Secondo l´Authority, le difficoltà incontrate dalle P.A. sono dovute alla sostanziale novità e complessità della normativa. Come precisato nell´Aggiornamento, «la tecnica dell´introduzione di misure organizzative per la prevenzione della corruzione è stata prevista, per soggetti di natura privatistica, con il decreto legislativo 8 giugno 2001, n. 231. La L. 190/2012, pur ispirandosi al citato decreto, implica un´attività più vasta e impegnativa, di autoanalisi organizzativa e di individuazione di misure preventive relative potenzialmente a tutti i settori di attività. Ciò in rapporto a fenomeni corruttivi che non riguardano il solo compimento di reati, ma toccano l´adozione di comportamenti e atti contrari, più in generale, al principio di imparzialità cui sono tenuti tutte le p.a. e i soggetti che svolgono attività di pubblico interesse».
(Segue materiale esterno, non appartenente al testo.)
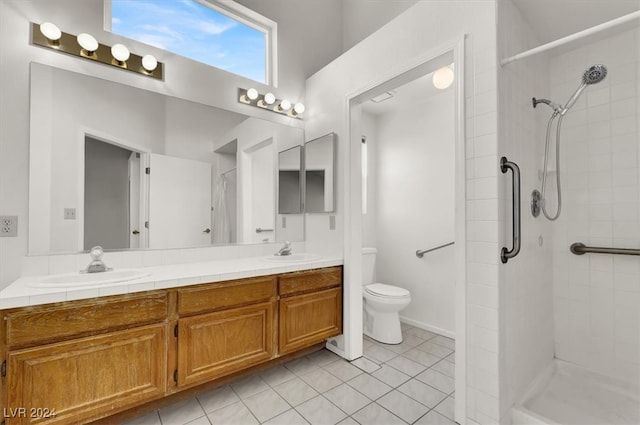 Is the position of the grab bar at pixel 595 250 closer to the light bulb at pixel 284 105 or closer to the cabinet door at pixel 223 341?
the cabinet door at pixel 223 341

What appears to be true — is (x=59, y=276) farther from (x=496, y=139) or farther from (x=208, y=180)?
(x=496, y=139)

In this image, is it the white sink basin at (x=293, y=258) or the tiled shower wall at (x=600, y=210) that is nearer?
the tiled shower wall at (x=600, y=210)

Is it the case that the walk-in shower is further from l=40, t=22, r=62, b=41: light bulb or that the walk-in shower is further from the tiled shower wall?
l=40, t=22, r=62, b=41: light bulb

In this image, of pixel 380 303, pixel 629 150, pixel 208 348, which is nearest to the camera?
pixel 208 348

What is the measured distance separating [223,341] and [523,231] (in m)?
1.95

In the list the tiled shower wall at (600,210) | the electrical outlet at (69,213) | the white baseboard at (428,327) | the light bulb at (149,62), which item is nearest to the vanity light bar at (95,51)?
the light bulb at (149,62)

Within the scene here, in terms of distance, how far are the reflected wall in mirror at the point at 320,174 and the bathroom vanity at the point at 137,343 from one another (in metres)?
0.73

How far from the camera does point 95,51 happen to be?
1818mm

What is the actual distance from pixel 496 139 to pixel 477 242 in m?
0.55

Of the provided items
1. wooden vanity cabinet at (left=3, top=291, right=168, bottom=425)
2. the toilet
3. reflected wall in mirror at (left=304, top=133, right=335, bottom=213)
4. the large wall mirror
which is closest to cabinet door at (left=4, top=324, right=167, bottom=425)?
wooden vanity cabinet at (left=3, top=291, right=168, bottom=425)

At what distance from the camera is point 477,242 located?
5.08ft

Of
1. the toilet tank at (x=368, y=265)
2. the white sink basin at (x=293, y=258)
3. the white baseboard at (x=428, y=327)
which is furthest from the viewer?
the toilet tank at (x=368, y=265)

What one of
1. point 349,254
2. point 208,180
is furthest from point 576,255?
point 208,180

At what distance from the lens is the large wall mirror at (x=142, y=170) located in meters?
1.67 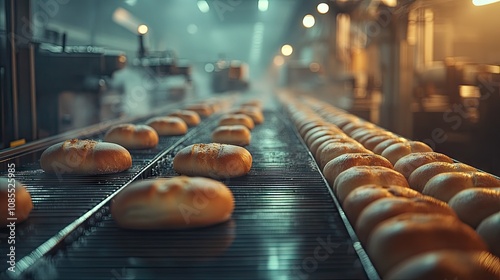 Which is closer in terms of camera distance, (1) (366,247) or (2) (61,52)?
(1) (366,247)

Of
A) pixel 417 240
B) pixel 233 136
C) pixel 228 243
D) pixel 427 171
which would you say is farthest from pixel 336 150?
pixel 417 240

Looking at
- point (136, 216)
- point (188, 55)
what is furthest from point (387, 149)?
point (188, 55)

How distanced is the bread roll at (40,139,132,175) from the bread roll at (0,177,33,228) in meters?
0.73

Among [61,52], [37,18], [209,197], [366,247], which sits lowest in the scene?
[366,247]

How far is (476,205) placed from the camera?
75.6 inches

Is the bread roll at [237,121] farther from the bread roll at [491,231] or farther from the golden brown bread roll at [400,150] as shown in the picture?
the bread roll at [491,231]

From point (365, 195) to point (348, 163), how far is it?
670mm

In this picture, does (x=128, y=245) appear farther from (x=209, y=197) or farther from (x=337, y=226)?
(x=337, y=226)

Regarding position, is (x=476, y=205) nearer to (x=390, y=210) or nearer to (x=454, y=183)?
(x=454, y=183)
In attesa di un nuovo e più organico Piano Nazionale Anticorruzione 2016-2018, al quale l´A.N.AC. sta già lavorando, si è pertanto voluta segnalare alle P.A. la necessità di concentrarsi sulla effettiva individuazione ed attuazione di misure proporzionate al rischio, coerenti con la funzionalità e l´efficienza, concrete, fattibili e verificabili, quanto ad attuazione ed efficacia.
Nel comunicato stampa dell´Autorità si spiega dunque che l´Aggiornamento è «articolato in una parte generale, di ricostruzione dei limiti della esperienza pregressa e di indicazioni per una rapida correzione di rotta, e in una parte speciale, dedicata a due approfondimenti in settori particolarmente esposti al rischio corruttivo: i contratti pubblici e la sanità (redatto in collaborazione con il Ministero della salute e con l´Agenas). Per ciascuno di questi settori si individuano eventi rischiosi e si indicano alcune possibili misure di prevenzione».
Il documento contiene inoltre una ulteriore specifica dei soggetti tenuti ad adottare misure anticorruzione: Piani triennali per le amministrazioni e gli enti pubblici; misure integrative al Modello "231" per gli enti di diritto privato in controllo pubblico o partecipati da pubbliche amministrazioni.